Évaluation d'impact d'une nouvelle organisation des soins en chirurgie orthopédique sur les parcours de soins

Malléjac N., Or Z. (Irdes)
Discutant : Bricard D. (Irdes)

Mardi 29 janvier 2019

La coordination des soins avant et après une hospitalisation est importante pour améliorer la qualité de prise en charge des patients et l'efficience du système de santé. Différents protocoles de soins centrés sur le patient ont été développés dans la littérature médicale. Ils sont de plus en plus promus et employés dans les établissements de santé. Nous évaluons l'impact de la mise en place d'un protocole de Réhabilitation améliorée après chirurgie (Raac) en chirurgie orthopédique sur les parcours de soins dans différentes cliniques privées.
Les données mobilisées viennent du Programme de médicalisation des systèmes d'Information en Médecine, chirurgie, obstétrique (PMSI-MCO) des patients ayant séjourné pour pose de prothèse de hanche ou de genou. Nous analysons l'impact de la Raac sur les durées de séjours, les modes de sortie (Soins de suite et de réadaptation (SSR) ou domicile) et la probabilité de réadmission à 30 jours.
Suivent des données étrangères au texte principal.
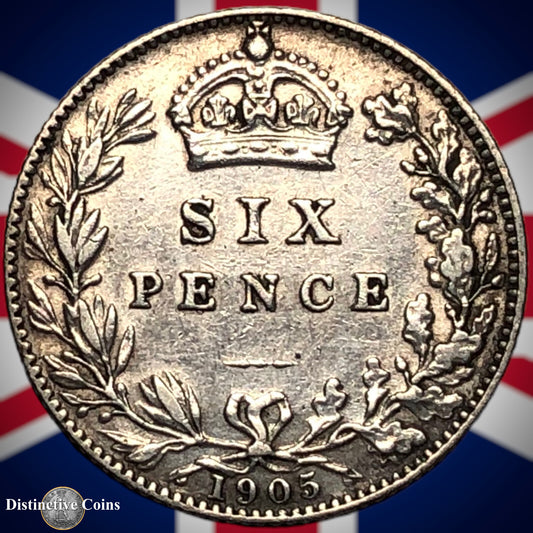 Great Britain 1905 Six Pence GB1525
A partir de régressions en doubles différences, nous comparons les résultats des patients opérés dans les établissements labellisés Raac par le Groupe francophone de réhabilitation améliorée après chirurgie (Grace) avec ceux des patients pris en charge dans les cliniques témoins comparables. On isole l'effet de la Raac en prenant en compte l'impact potentiel d'autres facteurs tels que l'âge, le sexe du patient, son indice de co-morbidité et l'offre de soins environnante.
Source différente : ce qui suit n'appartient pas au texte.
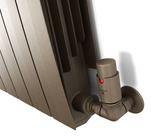 Quartz Mocha Valves and radiator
Les patients opérés dans un service de chirurgie qui pratique la Raac ont, en moyenne, une durée de séjour plus courte que ceux qui sont opérés dans un service de chirurgie classique (-0,3 jour). Ces patients ont une probabilité plus élevée de retour à domicile (+15 %), sans avoir un plus grand risque de réadmission à 30 jours. La probabilité de sortie à domicile diminue avec la proximité du domicile à un établissement SSR, et augmente avec le niveau de vie médian de la commune de résidence. La Raac a un impact significatif sur le nombre de séjours en SSR et le nombre de journées d'hospitalisation, sans compromettre la sécurité du patient.